Yep, kids throw attitude. Why? and… What should we do about it?
“Attitude” is part of having opinions and learning how to express them. So, we can hear what they are doing and code it as “an opinion” and then coach them to express it in a way that is more transparent and direct.
“Delia, I see you on the ipad. The deal is that you need to show me that you are done with your homework and ASK for screen time before hopping on. What happened?”
“Mo-om (with eye roll)… “
“Are you trying to tell me that you are irritated with me for reminding you of the rules?”
“Ugh, Mom, why do yo have to make this so hard??!!”
“You wish I had just not brought it up?”
“Yes, you are so irritating.”
“I can understand you being irritated. And, I still need to see your homework.” (Said patiently, without your own attitude…and maybe a bit of humor.)
“So, Delia, this is where you have a decision to make. You can keep acting irritated with me and likely lose access to the Ipad or other screens, or, you can take a deep breath, show me your homework, and have the possibility of still having some screen time. I will count to three while you decide. 1……2……”
“Fine, I’ll get my homework.” (still said in an irritated way… but following through on what you asked her to do)
“Great.” (said with a calm voice and soft approachable face)
“Here. It’s not all done. I couldn’t figure out the last 3 math problems.” (said in a curt, frustrated voice)
“Ah, those were tricky? Did you feel like you wanted a break from them because you got frustrated?”
“I guess. I just couldn’t do it.” (still irritated)
“Yeah, sometimes you just get to a point where you need a bit of a break or some help. I can understand that.”
“Yeah.” (slightly calmer)
“Are you ready to try again? I’m happy to help if you want.”
“OK. I’d like some help.”
“Alright, let’s put the Ipad up here. And head over to the table. Let’s see what we can figure out.”
The idea here is to lead with empathy and help her calm down before adding in too much logic. Calm brains hear things best. No need to take on “the attitude.” That isn’t going to help anything. You are addressing the problem straight on. That models healthy communication.

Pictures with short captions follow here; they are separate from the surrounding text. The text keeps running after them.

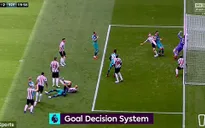 Tottenham may mắn có bàn đầu tiên mùa giải mới nhờ công nghệ Goal-line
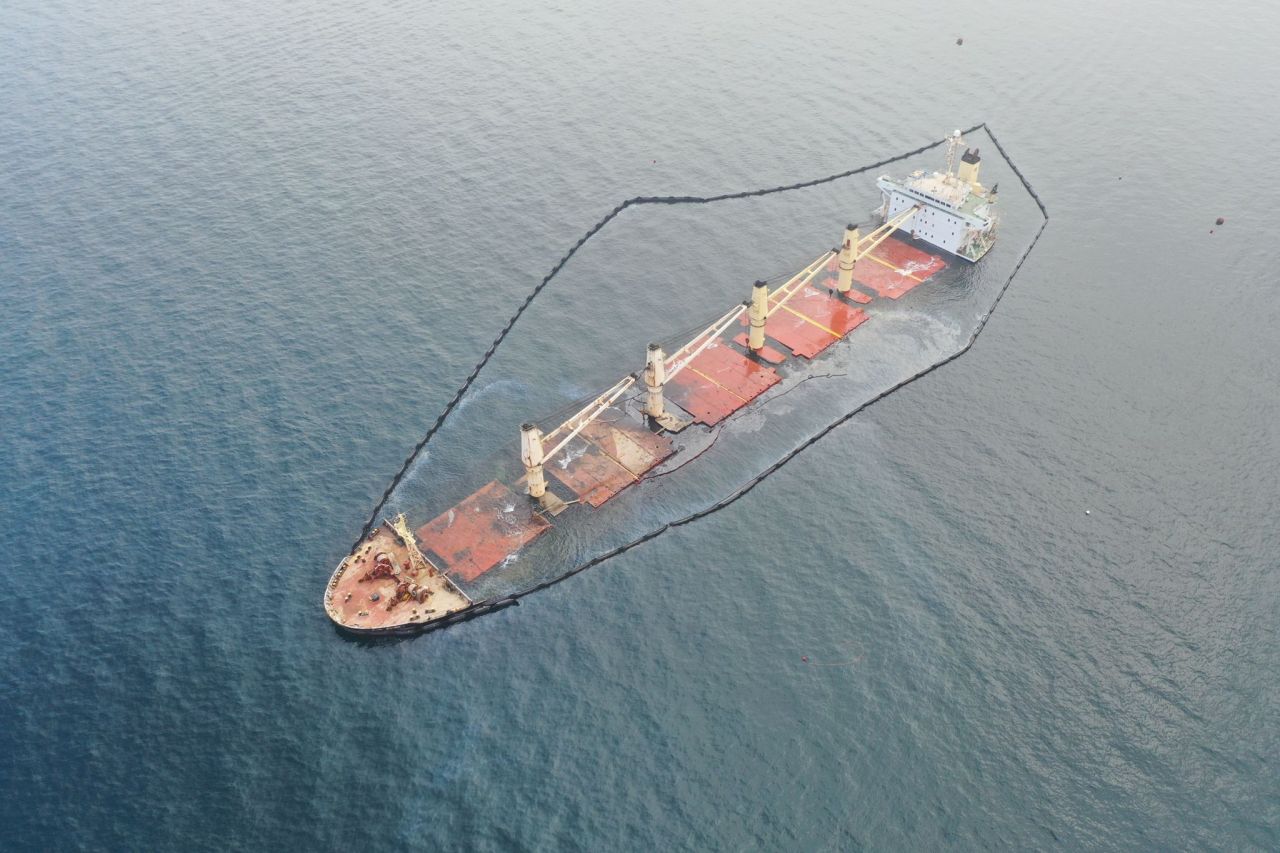 OS 35 – Boom Around Vessel Redeployed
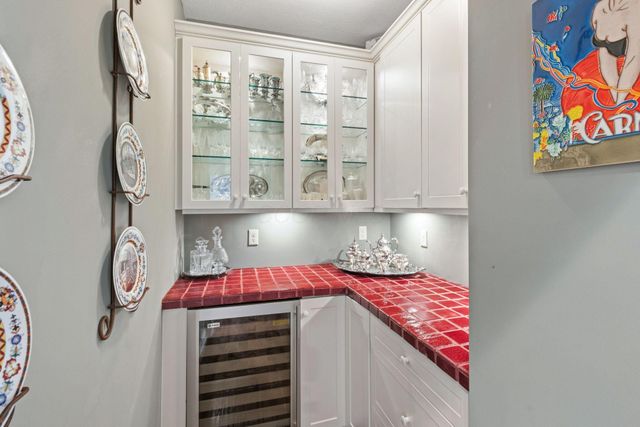 8033 Hillingdon Drive, Powell, OH 43065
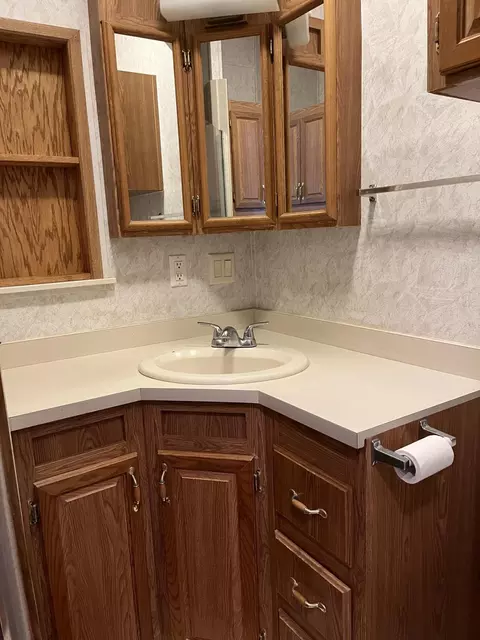 Bath - 467 Royalty Ln, Branson, MO 65616 photo 1 of 2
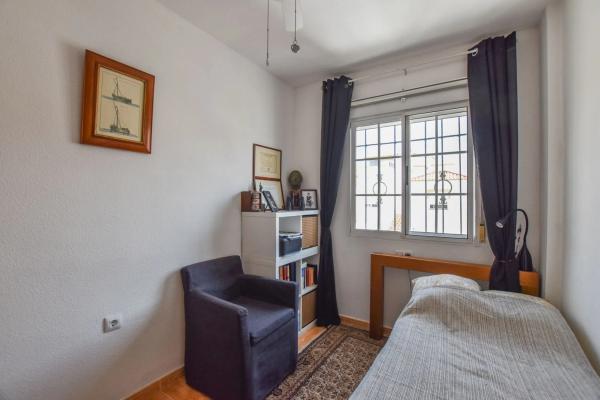 Chalet adosado en avenida D'Escandinàvia, 23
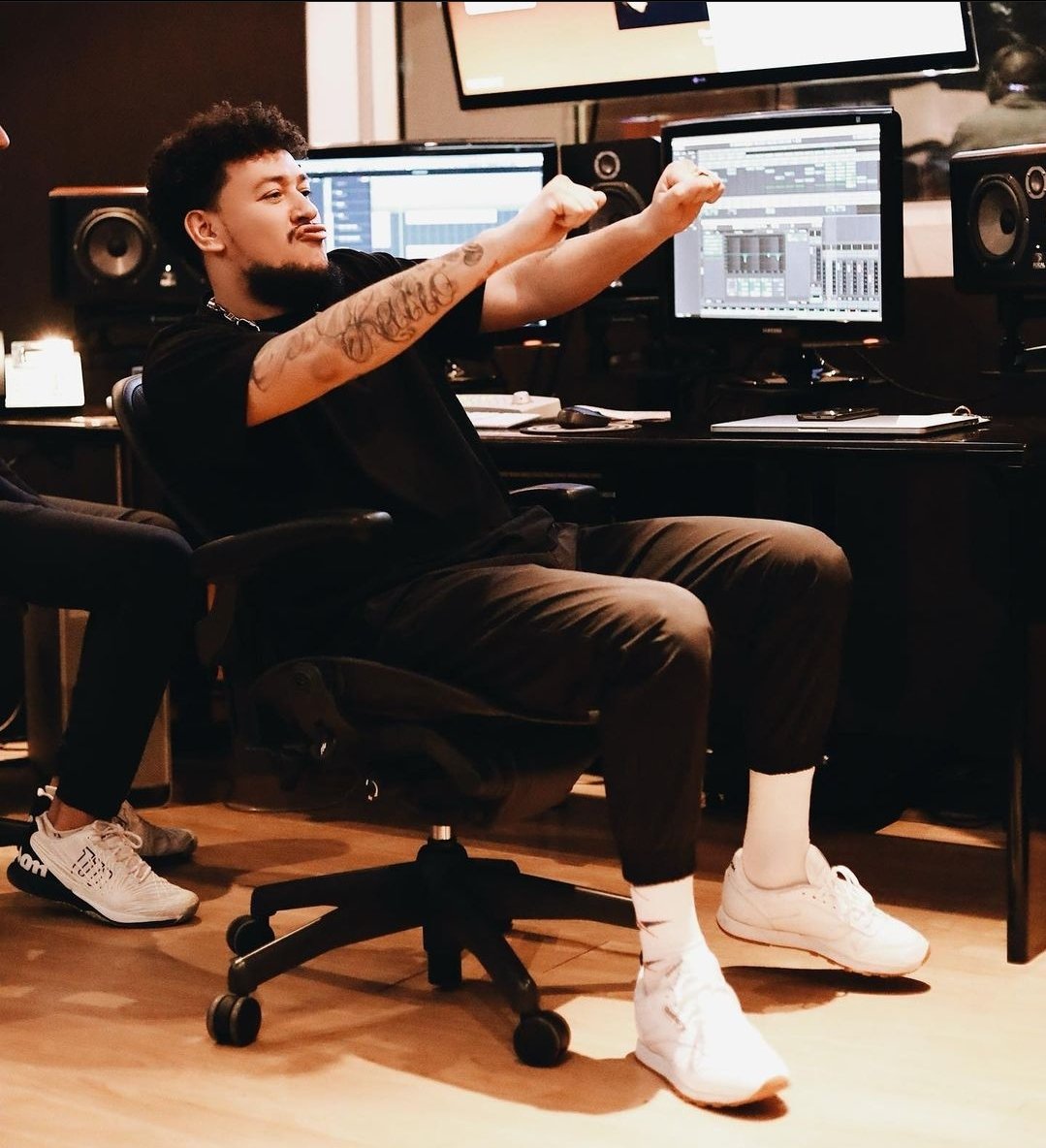 madibamusandi's tweet photo. Only the best to ever do it. Thank you for the music @akaworldwide Super Mega. ❤️🙏🕊 #RIPKiernan #RIPakaworldwide #AKAFuneral #akamemorialservice #akamemorial #KiernanForbes https://t.co/lCR51B1JWz
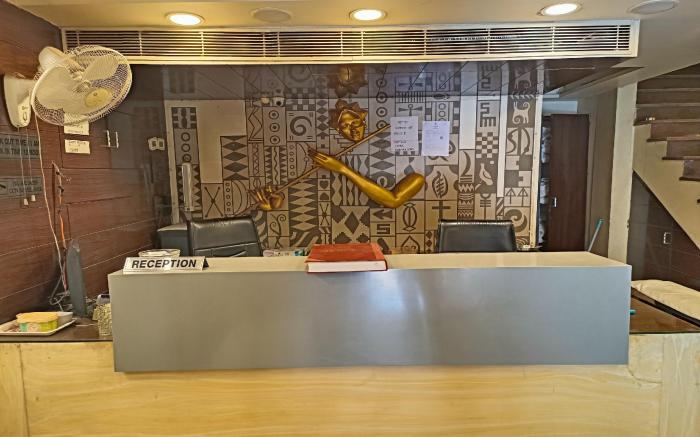 Hotel Gauranga Nearest New Delhi Railway Station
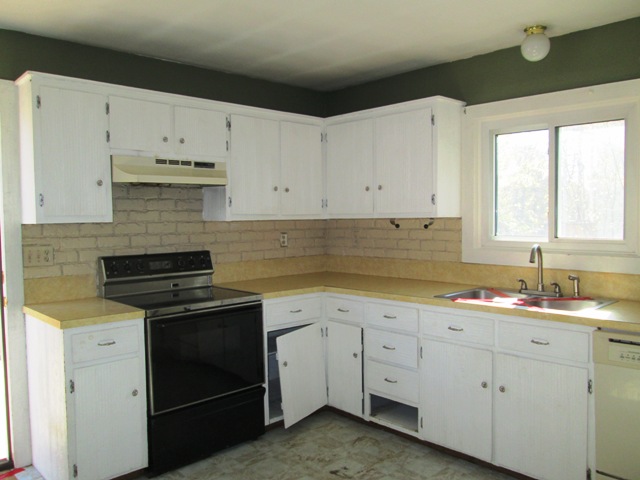 5 Robert StreetSouthbridge, MA, 01550Worcester County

Also important, is letting her recover from her error. No need to make a huge deal about the Ipad or the homework, just enforce a clear limit with calm, empathy, and warmth. In this scenario, Delia was likely frustrated with her homework and retreated in the Ipad to escape her frustration instead of asking for help or working through the difficulty. That is not a healthy strategy. You are giving her the message that walking away and ignoring the problem is NOT the best approach. You are teaching a better way.
“OK, done. Thanks for letting me help. Those were a little tricky. I can see why you felt frustrated.”
“Yeah, we just learned that today and I couldn’t remember how to do it.”
“Understandable. I’m always happy to help. Ok, let’s talk about the Ipad….”
“Yep. I understand that you were frustrated with your homework. That you needed a break. However, you know the deal with screens and homework. AND, you know I will help or be able to understand when you need a break. When you don’t follow the rules, and you don’t talk to me about what is going on that is leading you to feeling like breaking the rules, it makes it hard to trust that you are responsible enough to use the screens without LOTS of supervision. And all that supervision takes LOTS of my energy. So, for the next 3 days, show me that you can get your homework done without me needing to ask or remind you and we can try again with access to screens.”
“Mo-om, that is so unfair!”
“Hmm, well, I can completely get that you don’t like that plan. What I know, is that YOU are really in charge of how much freedom you get. Show me that you can handle it, and you can have more of it. Up to you.” ( a little bit of empathy, and some logic)
“Ugh!!” (marches off)
Let her go. No need to follow up on this. She can handle the discomfort. She can deal with the consequences of her choices. She can be mad. At herself, AND you.
“Attitude” is just a way of expressing an opinion. The way you decide to respond to the WAY your child expresses her opinion will determine the dance you do over and over and over again as she grows.
Guide her in how to communicate her disappointment, irritation, and other strong feelings. SHOW her how to stay calm in the face of frustration and irritation. No need to take “attitude” on head on. Come around the corner and connect, and, or, simply don’t let that behavior pattern work for her.